Text Prompts w/ Multiple Object Categories: Concepts incorrectly combined

egeozguroglu commented 1 year ago

Hi, I've been using GroundingDINO + SAM for our research, and would like to query for multiple object categories for my usecase. e.g. "jug . onion . chair . toaster . wire . counter . glass . oil . potato . package ." (as suggested on this repo).

Unfortunately, when multiple object classes are added to the prompt as suggested, the GroundingDINO predictions get made with some categories combined. I was able to replicate the same error with your Huggingface Spaces Demo. See below.

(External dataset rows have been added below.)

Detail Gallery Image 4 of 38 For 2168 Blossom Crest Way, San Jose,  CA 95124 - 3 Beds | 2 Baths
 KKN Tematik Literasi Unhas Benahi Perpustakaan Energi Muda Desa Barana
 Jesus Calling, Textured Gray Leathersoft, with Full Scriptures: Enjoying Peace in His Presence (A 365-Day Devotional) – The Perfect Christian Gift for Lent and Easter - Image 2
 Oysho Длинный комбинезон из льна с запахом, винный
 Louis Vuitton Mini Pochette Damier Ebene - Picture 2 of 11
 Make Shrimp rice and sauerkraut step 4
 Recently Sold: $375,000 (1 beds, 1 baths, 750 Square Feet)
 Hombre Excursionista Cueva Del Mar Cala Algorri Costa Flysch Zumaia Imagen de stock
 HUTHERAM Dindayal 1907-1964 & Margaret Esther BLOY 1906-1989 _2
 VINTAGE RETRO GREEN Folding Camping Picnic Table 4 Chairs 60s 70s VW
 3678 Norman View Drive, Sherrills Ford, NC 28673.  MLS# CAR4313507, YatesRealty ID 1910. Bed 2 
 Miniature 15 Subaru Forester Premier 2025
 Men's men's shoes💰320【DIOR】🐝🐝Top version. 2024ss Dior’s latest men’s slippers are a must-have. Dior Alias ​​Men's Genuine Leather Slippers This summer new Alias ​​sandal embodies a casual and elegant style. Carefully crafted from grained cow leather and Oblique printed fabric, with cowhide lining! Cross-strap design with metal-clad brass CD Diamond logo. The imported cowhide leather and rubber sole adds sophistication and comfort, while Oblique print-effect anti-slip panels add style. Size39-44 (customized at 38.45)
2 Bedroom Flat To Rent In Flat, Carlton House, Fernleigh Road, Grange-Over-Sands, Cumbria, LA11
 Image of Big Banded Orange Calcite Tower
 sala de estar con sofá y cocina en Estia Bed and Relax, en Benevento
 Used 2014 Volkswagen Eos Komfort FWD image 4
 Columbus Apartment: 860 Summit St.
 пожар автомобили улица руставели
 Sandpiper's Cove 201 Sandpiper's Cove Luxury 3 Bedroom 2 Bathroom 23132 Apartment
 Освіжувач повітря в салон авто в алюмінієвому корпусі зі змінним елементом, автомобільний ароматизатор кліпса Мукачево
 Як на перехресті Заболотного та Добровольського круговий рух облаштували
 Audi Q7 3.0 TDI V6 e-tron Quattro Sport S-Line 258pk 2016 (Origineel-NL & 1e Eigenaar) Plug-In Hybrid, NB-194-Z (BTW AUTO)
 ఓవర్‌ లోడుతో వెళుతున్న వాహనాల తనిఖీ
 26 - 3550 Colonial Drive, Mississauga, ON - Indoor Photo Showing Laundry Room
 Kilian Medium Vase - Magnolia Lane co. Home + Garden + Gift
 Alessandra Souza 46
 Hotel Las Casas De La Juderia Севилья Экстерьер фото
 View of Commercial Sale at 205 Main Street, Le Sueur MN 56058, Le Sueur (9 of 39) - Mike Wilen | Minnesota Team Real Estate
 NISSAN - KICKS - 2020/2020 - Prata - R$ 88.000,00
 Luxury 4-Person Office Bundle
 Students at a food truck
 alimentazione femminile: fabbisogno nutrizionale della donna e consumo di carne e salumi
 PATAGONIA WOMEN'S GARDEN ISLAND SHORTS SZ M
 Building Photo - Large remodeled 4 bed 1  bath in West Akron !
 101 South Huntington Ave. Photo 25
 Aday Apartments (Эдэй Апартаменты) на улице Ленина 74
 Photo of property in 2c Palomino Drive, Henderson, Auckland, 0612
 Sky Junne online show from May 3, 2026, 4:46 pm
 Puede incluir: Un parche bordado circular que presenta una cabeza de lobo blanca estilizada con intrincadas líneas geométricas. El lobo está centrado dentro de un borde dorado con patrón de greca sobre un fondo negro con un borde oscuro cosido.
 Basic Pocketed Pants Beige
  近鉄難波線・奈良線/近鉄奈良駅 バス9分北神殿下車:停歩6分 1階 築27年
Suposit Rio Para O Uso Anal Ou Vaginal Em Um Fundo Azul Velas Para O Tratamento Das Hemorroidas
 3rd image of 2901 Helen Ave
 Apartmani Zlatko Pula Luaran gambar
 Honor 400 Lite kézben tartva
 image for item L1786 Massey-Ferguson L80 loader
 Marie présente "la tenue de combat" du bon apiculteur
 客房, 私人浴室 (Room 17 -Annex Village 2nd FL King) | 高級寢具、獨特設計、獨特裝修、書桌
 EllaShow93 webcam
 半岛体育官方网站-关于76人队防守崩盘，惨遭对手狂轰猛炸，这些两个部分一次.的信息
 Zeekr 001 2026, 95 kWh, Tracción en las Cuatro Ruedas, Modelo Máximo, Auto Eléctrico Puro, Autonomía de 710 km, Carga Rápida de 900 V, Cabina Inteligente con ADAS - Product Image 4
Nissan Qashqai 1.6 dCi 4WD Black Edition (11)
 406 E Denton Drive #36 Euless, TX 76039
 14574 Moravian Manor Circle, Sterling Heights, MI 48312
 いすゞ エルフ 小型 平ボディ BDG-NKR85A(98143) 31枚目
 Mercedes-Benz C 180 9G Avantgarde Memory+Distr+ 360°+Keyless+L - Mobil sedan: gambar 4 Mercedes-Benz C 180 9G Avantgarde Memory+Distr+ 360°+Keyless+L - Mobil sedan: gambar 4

Detection Prompt: "jug . onion . chair . toaster . wire . counter . glass . oil . potato . package ."

Input image:

Prediction Output:

In this case, glass and oil were combined into "glass oil," which is not desired behavior.

Would you have any insights on a quick solution? I will ultimately want to detect 300 object classes with one prompt, so resolving this is essential.

rentainhe commented 1 year ago

We will take a look into this problem recently

egeozguroglu commented 1 year ago

Thanks, please let me know! @rentainhe @SlongLiu This is especially problematic when prompting GroundingDINO + SAM with a set of vocabulary (305 nouns in our case). Many, many groups of nouns get tacked onto each other, e.g. "dough tofu potato peeler biscuit" become a group when we prompt the model for separate predictions with 305 nouns.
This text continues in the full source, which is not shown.